つまり、「少し落ち着いて、フラットに見よう」という実質的な下方修正が入るのではないか。
そして!
何よりここが問題となる点だが、
M-1におけるここ最近のトップバッターのイメージは、完全に令和ロマンである。
当然である。2年連続トップを引いたのだから。
そして、そのイメージは審査にも影響を及ぼすと私は思う。
はっきり言ってしまうと、
「過去の令和ロマンの点数が、基準点の一つになる」ということだ。
M-1の審査は他の組との比較による相対評価だが、トップバッターだけは別だ。
個人の主観のほか、「例年だとこのくらいの点数だな」という他年度との比較によって付けられる。
そして、ここにきて現れた絶好の物差しが令和ロマンだ。
要は、
「2023や2024の令和ロマンよりウケてないのに、令和ロマンより高い点数を付けられることは無い」のだ。

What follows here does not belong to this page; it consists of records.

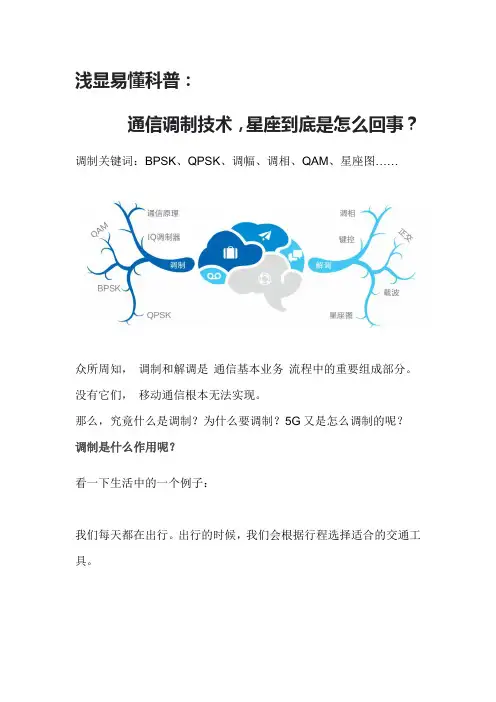 5G高速数据 调制解调技术原理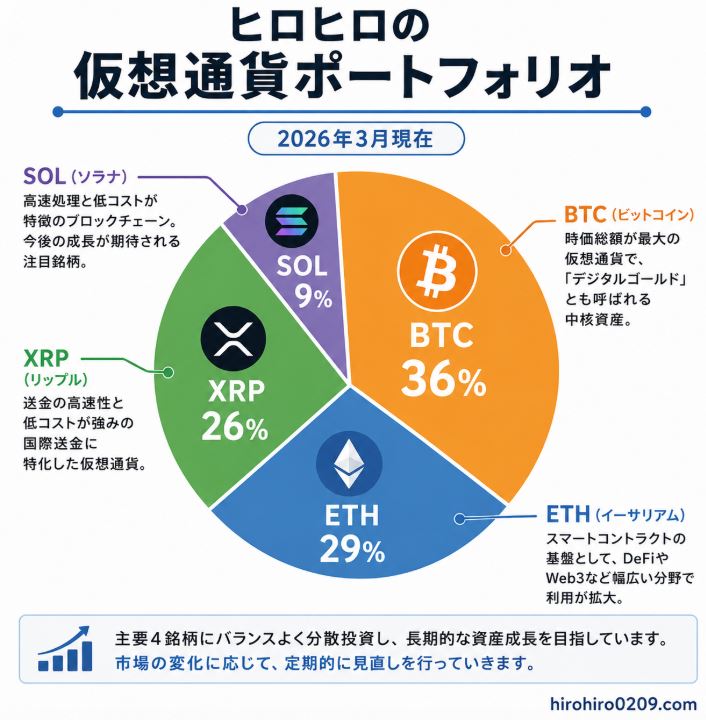 ヒロヒロが保有する仮想通貨の資産配分を円グラフで示した図。ポートフォリオはBTC、ETH、SOL、XRP、その他の5つの区分で構成されており、主要銘柄を中心に分散投資していることを分かりやすく表現している。将来性やリスクを考慮しながら複数の仮想通貨へ資産を配分する考え方を紹介した図。右下には「hirohiro0209.com」と記載されている。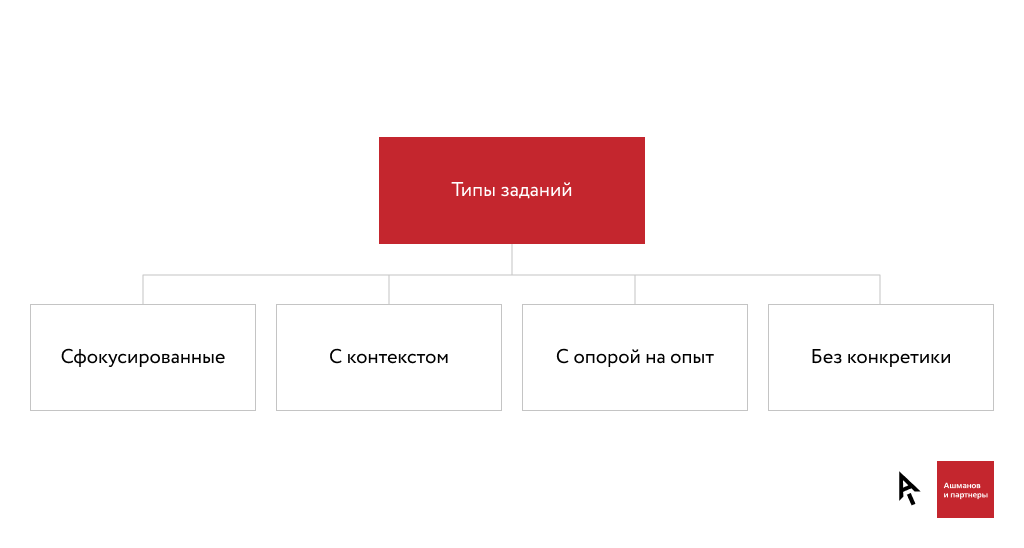 Юзабилити-тестирование сайта: основные правила проведения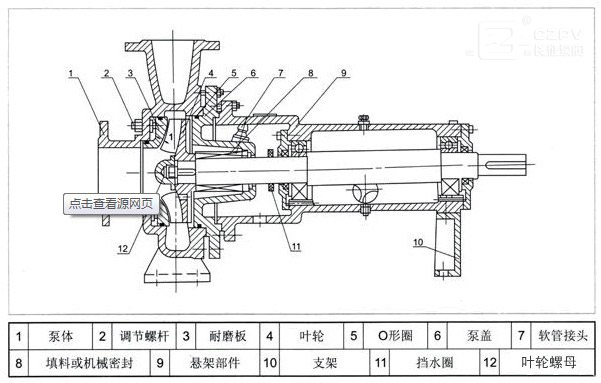 紙漿泵結(jié)構(gòu)圖 紙漿泵結(jié)構(gòu)圖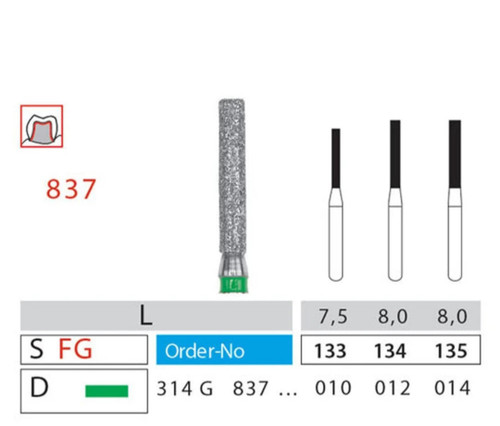 فرز فیشور دیاتیز کد 837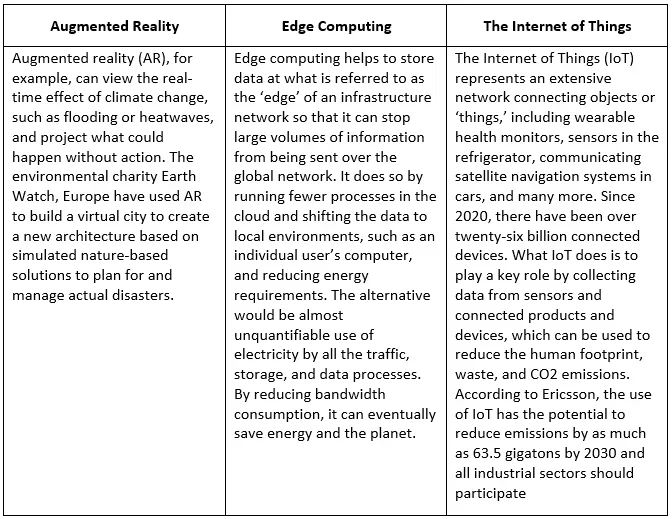 AIM Blogs | SMEs and the Environmental Crisis: Towards the Development of a Policy Framework - Adapted from Climate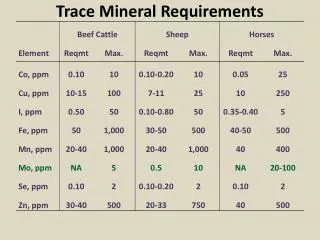 Trace Mineral Requirements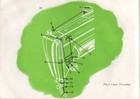 Singer 301 Sewing Machine User Instruction Manual   Full Color    Wire Bind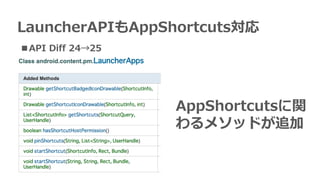 LauncherAPIAppShortcuts
API Diff 2425
AppShortcutsv
᥽åɤ׷
 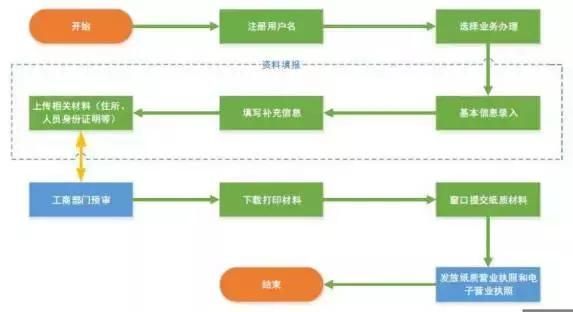 重庆市南岸区营业执照办理地址(海曙区办理营业执照地址)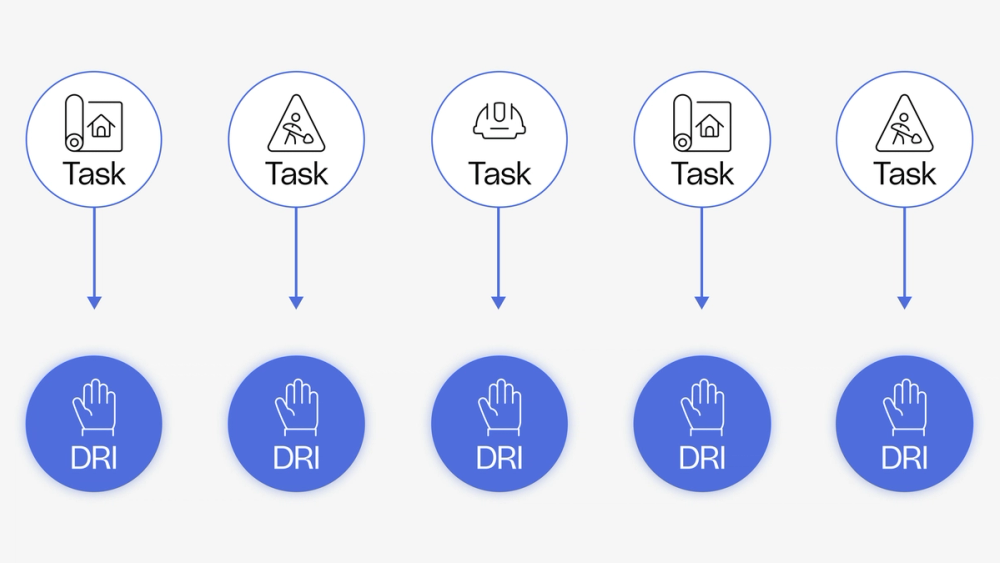 Get new feature context with a manager briefing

2023の令和ロマンは648点、2024年の令和ロマンは660点相当。
これらの点数を越えるには、これらの年の令和ロマンを超えるしかない。
そして、ここ最近の最終決戦進出ラインは650点以上にまでインフレしている。
何が言いたいかというと、トップバッターだけは、
「過去の令和ロマンに負けないくらいのネタ」を披露しない限り、
最終決戦進出は不可能ということである。
「M-1でもトップバッター有利になった?」
いやいや、全くの逆である。
優勝組がトップバッターを連続して飾ってしまったがばかりに、
私たちはどうしてもトップバッターを「令和ロマンとの比較」で見ることになる。
そして、令和ロマンよりウケてなければ、その時点で650点以上の点数は怪しくなり、
当然最終決戦進出の芽も消える。
二組目以降はそれまでの組との比較で済むが、
トップバッターだけは過去の令和ロマンとの比較にどうしてもなってしまう。
したがって、今年度は例年と同じか、それ以上にトップバッターの点数は落ち着くと予想する。
最終決戦進出はまず無い。
過去の自分の審査に縛られる。
「その審査員の審査基準が今年から変わる」か、
「今回のトップバッターが相当な大ウケをする」か、
このどちらかに該当しない限りは、
過去の令和ロマンに付けた点数が上限。
点数は伸びない。
ウケたとしても、630〜640点台相当に落ち着くだろう。
ただ、例外もある。
今回新たに審査員を務める後藤さんと駒場さんは、過去の令和ロマンに点数を付けていない。
つまり、過去の自分の審査に縛られず、
トップバッターから90点台後半をバンバン付ける可能性がある。
この二人が点数を伸ばした場合は、
2023の令和ロマンの点数を超える可能性は出てくる。
とまあ色々触れてきたが、要は
M-1でもトップバッター有利になっている気はするが、
- トップバッターというより令和ロマンが強かった
- トップバッター有利の流れを受けて審査員側も意識のテコ入れをする可能性
- トップバッターの比較対象が直近の令和ロマンになる
ということを踏まえて、
「M-1においては、トップバッターは有利では無い」と予想する。
ただし!
この条件の中で点数を伸ばすトップバッターがいたとしたら、本当に面白い組だと思う。
何より!
令和ロマンでさえ、トップバッターからのトップ通過は果たしていない。
令和ロマンの記録はアンタッチャブルレコードにも思えるが、
彼らにも負けない新時代の台頭にも期待したい。